Efetivamente, pela primeira vez no Brasil, a pressão dos trabalhadores alcançava o nível da Presidência da República, influenciando o comportamento e as decisões políticas do Governo. Este fato aguçou a crise de dominação de classe, à medida em que a burguesia, na trilha do imperialismo norte-americano, bandeou-se, para a oposição e não sobrou a Goulart como respaldo, em meio a turbulência social, senão a massa de assalariados. E essa contradição entre o Estado burguês, intacto, e o Governo trabalhista liquidaria Goulart, a menos que ele se dispusesse ou a liderar uma revolução social, arrostando as consequências de uma guerra civil e da intervenção norte-americana, ou a capitular diante das massas dominantes e permitir a repressão dos organismos de representação popular (BANDEIRA, Moniz. Rio de Janeiro: Civilização Brasileira, 1983, p. 178).

Não era o perfil político de Jango ser um líder revolucionário, pois ele sempre foi um reformista. Quando militantes do movimento sindical lhe pediram armas para resistir, ele negou prontamente e negou a banhar o solo brasileiro de sangue. Evitou o quanto pôde uma guerra civil que assolaria o país em caso de resistência. O sucesso do golpe seguiu a seguinte cronologia: Jango viaja do Rio de Janeiro para Brasília, de Brasília parte para o Porto Alegre e, após saber que o Congresso Nacional declarou a presidência vaga, optou pelo exílio no Uruguai. A vacância do cargo foi dada por Ranieri Mazzili, então presidente da Câmara de Deputados. Mazzili ocupou o cargo de presidente provisoriamente e de forma inconstitucional, sem ao menos existir a votação de um impechment contra Jango. Essa manobra inconstitucional, tendo em vista que Jango ainda se encontrava em território nacional, foi reconhecida pelos EUA de imediato e desanimou ainda mais Jango na construção de uma possível resistência. Entendo a resistência como uma aventura, Goulart opta pela não resistência, reconhecendo o fim do seu governo. A derrota para Moniz significou o seguinte: 

Era a consequência da política de conciliação, da perspectiva nacional-reformista, das ilusões democráticas, não só de Goulart como de vasto segmento da esquerda, que não avaliara devidamente o caráter de classe do Estado e o papel das Forças Armadas no seu conjunto, e não se armara, material e ideologicamente, para enfrentar o golpe de Estado. Os trabalhadores, sem um programa de reivindicações políticas próprias, não se bateram e se deixariam violentar, sem a menor resistência (BANDEIRA, Moniz. Rio de Janeiro: Civilização Brasileira, 1983, p. 182).
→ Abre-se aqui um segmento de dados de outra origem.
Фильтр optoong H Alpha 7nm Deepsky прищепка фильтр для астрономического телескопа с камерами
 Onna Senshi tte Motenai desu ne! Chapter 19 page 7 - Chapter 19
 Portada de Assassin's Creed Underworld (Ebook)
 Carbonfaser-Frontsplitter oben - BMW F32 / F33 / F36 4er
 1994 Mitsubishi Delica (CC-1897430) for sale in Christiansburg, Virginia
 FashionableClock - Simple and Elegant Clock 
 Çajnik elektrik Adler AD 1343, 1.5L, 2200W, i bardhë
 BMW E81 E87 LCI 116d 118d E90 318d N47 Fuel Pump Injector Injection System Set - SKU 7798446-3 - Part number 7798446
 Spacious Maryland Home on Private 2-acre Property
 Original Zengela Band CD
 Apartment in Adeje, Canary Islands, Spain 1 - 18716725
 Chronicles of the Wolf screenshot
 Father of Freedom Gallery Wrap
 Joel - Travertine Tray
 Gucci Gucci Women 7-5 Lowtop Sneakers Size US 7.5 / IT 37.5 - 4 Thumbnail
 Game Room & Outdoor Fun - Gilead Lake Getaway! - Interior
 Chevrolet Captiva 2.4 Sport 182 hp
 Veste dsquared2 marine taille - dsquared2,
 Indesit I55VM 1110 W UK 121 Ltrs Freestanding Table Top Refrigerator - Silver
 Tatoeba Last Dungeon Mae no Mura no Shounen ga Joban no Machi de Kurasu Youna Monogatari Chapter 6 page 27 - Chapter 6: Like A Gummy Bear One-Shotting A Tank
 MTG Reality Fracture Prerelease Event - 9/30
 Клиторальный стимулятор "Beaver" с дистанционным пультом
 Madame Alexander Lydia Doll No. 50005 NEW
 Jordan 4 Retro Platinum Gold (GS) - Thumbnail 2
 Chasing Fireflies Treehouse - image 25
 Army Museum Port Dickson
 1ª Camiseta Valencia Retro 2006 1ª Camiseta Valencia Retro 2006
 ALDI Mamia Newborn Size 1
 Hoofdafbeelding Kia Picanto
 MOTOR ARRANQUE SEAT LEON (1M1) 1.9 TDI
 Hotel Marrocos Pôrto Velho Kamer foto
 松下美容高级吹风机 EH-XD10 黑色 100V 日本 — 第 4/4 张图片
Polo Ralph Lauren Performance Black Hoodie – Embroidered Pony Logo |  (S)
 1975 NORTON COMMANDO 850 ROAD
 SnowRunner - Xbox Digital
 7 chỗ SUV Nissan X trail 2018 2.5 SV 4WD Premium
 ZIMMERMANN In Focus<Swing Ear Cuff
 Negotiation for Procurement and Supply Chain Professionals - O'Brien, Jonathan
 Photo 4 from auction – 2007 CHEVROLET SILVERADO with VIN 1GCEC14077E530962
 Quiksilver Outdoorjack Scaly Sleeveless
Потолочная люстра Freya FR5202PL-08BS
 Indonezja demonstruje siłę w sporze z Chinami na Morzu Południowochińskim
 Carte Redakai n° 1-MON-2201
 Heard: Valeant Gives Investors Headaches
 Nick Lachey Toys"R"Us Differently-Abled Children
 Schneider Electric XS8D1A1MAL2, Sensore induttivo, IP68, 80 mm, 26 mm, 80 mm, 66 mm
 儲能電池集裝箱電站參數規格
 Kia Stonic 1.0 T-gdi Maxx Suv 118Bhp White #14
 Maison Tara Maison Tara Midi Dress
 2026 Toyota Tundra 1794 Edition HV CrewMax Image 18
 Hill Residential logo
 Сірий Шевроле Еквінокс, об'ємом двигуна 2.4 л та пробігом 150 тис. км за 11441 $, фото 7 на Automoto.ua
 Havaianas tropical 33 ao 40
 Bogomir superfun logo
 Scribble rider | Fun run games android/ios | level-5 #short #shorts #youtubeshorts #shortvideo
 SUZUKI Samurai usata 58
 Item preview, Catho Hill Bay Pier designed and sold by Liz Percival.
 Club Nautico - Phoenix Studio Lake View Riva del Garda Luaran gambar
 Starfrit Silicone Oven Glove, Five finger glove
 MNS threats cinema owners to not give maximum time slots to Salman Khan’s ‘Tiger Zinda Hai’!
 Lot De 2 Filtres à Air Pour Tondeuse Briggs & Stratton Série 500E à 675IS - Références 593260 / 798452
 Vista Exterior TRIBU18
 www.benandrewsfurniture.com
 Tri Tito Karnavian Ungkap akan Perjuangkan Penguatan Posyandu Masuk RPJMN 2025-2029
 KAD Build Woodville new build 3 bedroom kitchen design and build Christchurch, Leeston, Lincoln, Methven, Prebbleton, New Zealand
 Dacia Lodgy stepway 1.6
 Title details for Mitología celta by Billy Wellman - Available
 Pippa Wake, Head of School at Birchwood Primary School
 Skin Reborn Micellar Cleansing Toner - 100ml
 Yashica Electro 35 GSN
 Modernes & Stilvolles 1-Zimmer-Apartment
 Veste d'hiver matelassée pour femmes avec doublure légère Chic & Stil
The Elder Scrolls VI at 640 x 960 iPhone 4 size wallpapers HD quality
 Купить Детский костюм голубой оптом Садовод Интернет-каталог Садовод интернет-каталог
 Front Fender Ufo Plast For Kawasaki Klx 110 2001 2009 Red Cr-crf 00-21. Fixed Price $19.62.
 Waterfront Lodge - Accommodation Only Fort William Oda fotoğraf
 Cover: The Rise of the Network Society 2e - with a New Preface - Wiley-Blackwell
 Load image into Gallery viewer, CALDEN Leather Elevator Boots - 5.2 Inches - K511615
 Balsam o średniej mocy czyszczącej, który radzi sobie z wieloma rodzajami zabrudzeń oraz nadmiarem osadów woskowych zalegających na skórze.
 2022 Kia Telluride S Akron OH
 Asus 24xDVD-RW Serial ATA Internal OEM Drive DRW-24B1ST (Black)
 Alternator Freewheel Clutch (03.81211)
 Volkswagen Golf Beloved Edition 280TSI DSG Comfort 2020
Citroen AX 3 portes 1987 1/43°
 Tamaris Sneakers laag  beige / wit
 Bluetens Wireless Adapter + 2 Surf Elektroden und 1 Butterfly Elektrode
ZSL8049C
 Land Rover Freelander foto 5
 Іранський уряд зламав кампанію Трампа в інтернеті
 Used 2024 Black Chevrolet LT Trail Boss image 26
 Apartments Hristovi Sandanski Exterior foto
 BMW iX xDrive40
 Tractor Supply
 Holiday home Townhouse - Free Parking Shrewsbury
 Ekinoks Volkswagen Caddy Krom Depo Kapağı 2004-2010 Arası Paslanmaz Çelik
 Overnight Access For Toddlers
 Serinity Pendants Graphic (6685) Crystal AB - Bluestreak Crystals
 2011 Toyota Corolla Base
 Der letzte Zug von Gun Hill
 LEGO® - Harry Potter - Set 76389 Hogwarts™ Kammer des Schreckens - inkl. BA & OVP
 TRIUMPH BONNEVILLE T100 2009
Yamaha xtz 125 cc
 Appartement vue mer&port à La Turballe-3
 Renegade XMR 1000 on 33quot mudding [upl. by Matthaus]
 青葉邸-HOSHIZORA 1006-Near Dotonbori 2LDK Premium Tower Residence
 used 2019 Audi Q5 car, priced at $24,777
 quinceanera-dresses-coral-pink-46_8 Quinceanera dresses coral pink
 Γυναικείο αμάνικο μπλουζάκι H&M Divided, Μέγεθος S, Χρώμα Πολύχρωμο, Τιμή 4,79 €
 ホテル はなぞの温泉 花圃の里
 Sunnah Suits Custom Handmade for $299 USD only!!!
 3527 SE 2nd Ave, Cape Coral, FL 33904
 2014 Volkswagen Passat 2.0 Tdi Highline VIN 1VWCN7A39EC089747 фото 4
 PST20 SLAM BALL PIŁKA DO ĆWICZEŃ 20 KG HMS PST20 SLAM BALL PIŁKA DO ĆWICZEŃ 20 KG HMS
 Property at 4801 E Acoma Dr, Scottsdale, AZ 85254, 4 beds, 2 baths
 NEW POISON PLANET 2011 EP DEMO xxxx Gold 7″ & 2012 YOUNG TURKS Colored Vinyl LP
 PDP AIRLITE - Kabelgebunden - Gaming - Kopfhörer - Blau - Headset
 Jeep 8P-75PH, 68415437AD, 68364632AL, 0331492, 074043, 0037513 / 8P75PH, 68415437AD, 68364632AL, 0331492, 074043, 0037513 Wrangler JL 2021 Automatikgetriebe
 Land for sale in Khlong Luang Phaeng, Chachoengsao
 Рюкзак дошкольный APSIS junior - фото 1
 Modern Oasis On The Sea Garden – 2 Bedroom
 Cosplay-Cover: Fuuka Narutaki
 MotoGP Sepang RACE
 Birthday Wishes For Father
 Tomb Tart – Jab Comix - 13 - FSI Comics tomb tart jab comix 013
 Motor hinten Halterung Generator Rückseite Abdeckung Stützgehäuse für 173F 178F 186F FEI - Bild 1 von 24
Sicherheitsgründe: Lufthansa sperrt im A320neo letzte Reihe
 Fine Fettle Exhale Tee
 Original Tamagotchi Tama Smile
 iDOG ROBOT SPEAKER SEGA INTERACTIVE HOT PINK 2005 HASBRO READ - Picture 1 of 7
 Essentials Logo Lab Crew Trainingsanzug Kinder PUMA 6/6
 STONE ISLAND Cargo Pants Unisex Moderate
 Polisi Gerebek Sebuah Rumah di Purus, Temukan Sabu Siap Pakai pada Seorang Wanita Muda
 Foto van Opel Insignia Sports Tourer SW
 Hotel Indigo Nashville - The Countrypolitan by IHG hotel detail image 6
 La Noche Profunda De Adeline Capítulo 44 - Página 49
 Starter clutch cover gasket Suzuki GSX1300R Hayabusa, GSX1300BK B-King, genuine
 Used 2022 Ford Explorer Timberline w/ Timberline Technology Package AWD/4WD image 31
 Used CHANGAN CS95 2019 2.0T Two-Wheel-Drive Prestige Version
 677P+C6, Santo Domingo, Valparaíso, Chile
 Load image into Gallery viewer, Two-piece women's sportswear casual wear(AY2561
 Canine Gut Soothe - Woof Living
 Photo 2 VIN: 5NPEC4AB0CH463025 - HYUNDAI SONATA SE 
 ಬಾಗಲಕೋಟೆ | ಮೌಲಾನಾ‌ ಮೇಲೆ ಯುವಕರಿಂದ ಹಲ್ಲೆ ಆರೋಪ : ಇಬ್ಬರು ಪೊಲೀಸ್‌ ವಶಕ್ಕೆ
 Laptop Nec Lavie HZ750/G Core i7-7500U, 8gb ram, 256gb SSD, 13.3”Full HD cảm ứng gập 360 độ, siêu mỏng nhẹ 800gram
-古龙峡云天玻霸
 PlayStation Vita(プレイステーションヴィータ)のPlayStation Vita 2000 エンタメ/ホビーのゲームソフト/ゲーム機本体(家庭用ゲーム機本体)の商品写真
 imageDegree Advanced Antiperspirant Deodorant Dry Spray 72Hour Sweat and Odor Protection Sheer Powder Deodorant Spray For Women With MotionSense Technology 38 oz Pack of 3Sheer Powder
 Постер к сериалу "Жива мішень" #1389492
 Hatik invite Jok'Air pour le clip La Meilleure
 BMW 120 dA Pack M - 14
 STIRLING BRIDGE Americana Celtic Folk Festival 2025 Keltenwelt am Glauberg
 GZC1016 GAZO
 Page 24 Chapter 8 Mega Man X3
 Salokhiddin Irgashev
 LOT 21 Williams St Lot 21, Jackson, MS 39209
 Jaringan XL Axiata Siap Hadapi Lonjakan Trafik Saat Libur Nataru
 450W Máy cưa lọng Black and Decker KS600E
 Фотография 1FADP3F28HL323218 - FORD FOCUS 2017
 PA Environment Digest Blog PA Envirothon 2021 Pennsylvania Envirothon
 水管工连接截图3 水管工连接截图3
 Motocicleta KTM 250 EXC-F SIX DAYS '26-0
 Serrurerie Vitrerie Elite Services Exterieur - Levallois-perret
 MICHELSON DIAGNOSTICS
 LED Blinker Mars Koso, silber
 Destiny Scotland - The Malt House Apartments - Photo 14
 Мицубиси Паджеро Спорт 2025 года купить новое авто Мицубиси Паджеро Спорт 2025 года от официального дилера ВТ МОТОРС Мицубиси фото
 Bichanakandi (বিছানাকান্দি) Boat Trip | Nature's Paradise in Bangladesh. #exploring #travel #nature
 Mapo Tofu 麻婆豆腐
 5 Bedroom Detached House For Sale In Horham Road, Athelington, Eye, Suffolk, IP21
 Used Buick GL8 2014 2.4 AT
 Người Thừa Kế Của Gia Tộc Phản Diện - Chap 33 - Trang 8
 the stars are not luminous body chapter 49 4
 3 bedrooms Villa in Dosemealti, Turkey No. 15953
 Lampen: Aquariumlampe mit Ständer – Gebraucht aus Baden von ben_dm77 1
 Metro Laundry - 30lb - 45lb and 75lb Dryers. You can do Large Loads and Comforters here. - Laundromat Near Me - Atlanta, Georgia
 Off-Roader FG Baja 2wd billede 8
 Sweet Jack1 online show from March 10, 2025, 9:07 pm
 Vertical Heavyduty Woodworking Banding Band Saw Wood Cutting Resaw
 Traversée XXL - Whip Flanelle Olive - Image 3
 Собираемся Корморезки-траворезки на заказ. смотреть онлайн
O resultado foi a consumação do golpe, considerado por Moniz como antipopular e antinacional. Um golpe, prontamente reconhecido pelos EUA, que tratou logo de reprimir todo foco de contestação a nova ordem que se impunha. Essa nova ordem deu seu cartão de visitas por intermédio do Ato Institucional nº 1 que cassou diversos mandatos, retirando os direitos políticos das principais lideranças do país como Brizola e Arraes. Na presidência, subiu ao poder Castelo Branco, colocando finalmente no poder as forças políticas que tentavam golpear a democracia brasileira desde o governo Vargas e que foram contidas diante de seu suicídio. Finalizando a obra, Moniz assim descreve a Ditadura Militar que se instala no país a partir de 1964: 

A crise das instituições transformou-se, desde então, na instituição das crises, como o estabelecimento de um estado de exceção, escorado pelos monopólios internacionais, que, mediante um processo de contra-revolução permanente, impuseram sua hegemonia econômica e política à sociedade brasileira.